Nicholas Denyer’s article, Sun and Line: The Role of the Good, looks at Plato’s theory of forms through teleological considerations. He starts off his argument by examining the good, as it relates to the form of artifacts: “the Good has the privileged position of being what accounts for the existence and intelligibility of Forms” (Denyer 284). Ideal artifacts can be understood through teleological examinations. When looking at the features of an artifact, it is important to find the most important features, ideal features. These are the perfect feature that lead to the Goodness of the artifact: “the Good accounts in this way for every aspect of the ideal [artifact]” (Denyer 285). The good is what causes the ideal artifacts existence and “intelligibility”. (Denyer 284-285)

            To determine what aspects of an artifact are pertinent to the Good, we must use thought: “When, in the light of the Good, we come to understand a form, we must, claims the analogy with the sun, use our minds, not our senses’ (Denyer 285). What mans perceives the Good to be is not what it truly is, because the senses cannot determine the form of Good; this is why man often falls short of understanding the theory of forms. Denyer argues that man’s teleological understanding often falls short due to the failure to understand the time frame, the inability of ideal objects to be reduced to perceptible objects, and the number of objects distinct from perception that share the same name.
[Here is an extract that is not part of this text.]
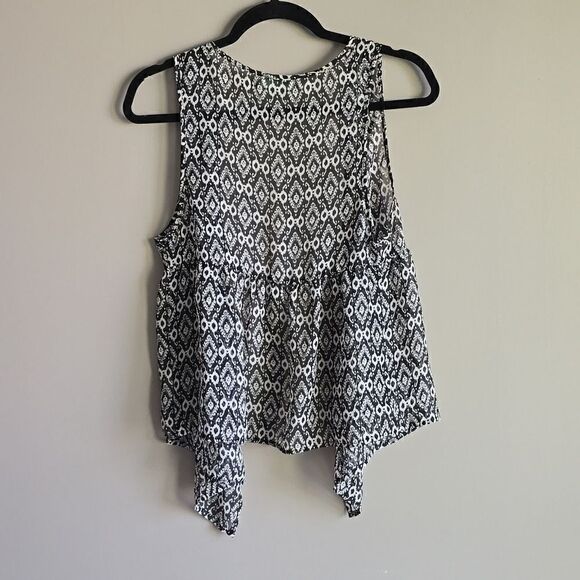 NWOT Maurice's Black & White Two Tone Flyaway Aztec Vest Sleeveless Cover Up - Picture 2 of 6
Denyer days, “the truths about ideal artifacts that we can discern by the light of the Good are everlasting and unshakably true” (Denyer 287). These truths are timeless and are unchangeable. The second reason why our teleological understanding fails is because of the names given to ideal objects. Once a name is given to the form of an ideal artifact, it can be inferred that there is another artifact that can be compared to the ideal one. This would lower the first artifact down, from the ideal, to the level of perception. The third defect in our teleological understanding results from the multitude of objects that share the definition of the ideal object. Dneyer give the example of a flat surface, and how the term flat surface could be attributed to many different objects. He then states how mathematics tries to establish ideals through a seemingly non teleological way. (Denyer 286-289)
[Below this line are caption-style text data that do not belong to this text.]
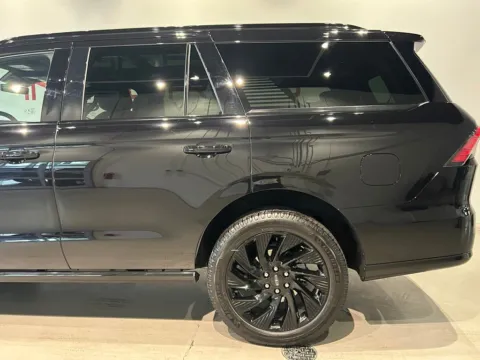 More photos of 2026 Lincoln Navigator Reserve at Fishers Imports - North West, IN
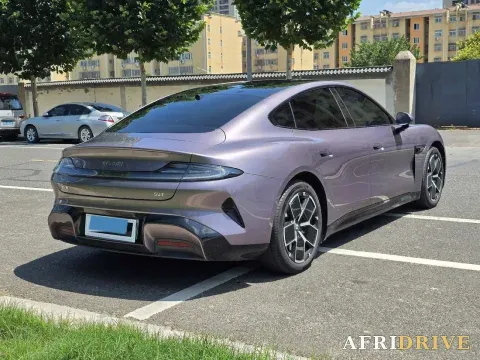 2024 MI SU7 5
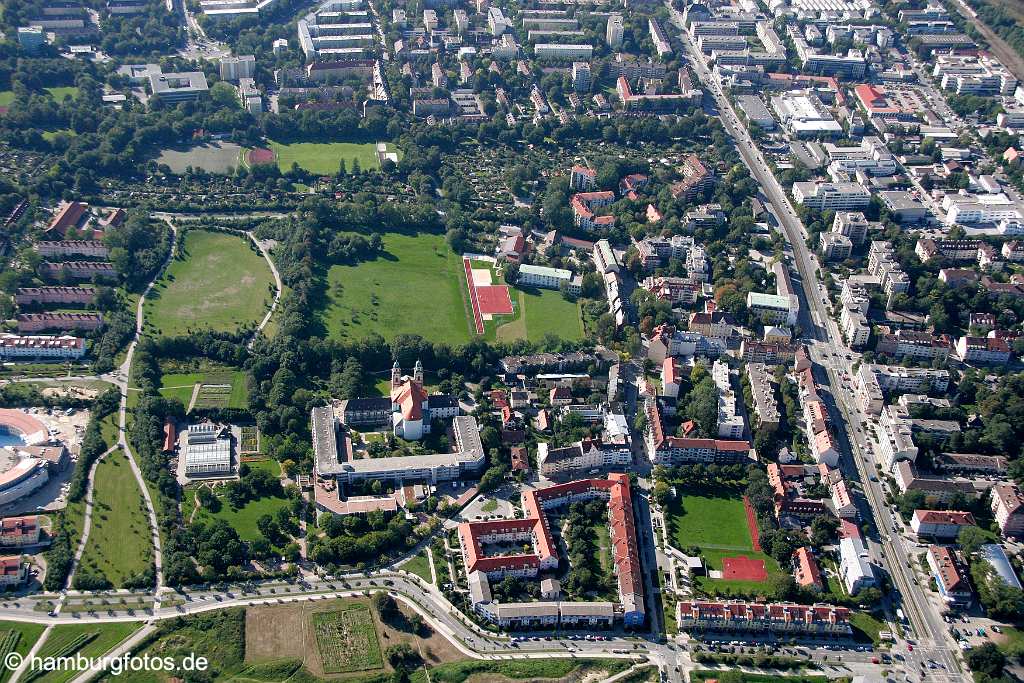 id108069 München an der Isar aus der Vogelperspektive | Munich from a bird's eye view , aerial photography, aerial picture, aerial pictures, air photo, air photos, Bayern, bird's eye view, Germany, Isar, Landeshauptstadt, Luftbild, Luftbilder, München, Munich, Vogelperspektive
            Geometry becomes imperfect when it is brought into the realm of intelligibility. Denyer argus that, “Geometrical objects too must be seen in the light of the Good” (Denyer 289). He then discusses Plato’s description of the, “the internal structure of the intelligible realm that is governed by the Good, and its connection with the visible realm that is governed by the sun” (Denyer 289). Descriptions often only have to do with the visible realm, as man concerns himself mostly with the visible when trying to understand the world. Denyer uses the example of an object and its shadow or reflection, and how most think of the reflection as an exact exact counterparts of the image, as a correlation with trust and fancy. He defines fancy as, “the state of mind in which one is looking at some shadow or reflection, without appreciating that it is only a shadow or reflection” (Denyer 290). Fancy is less clear than trust and is put at the bottom of the divided line. When trying to understand the theory of forms one must use trust instead of fancy: “Trust by contrast, is the state of mind of one who appreciates that shadows and reflections are only shadows and reflections” (Denyer 290). The visible realm is less perfect than the intelligible so on must use trust to gain a true understanding of forms.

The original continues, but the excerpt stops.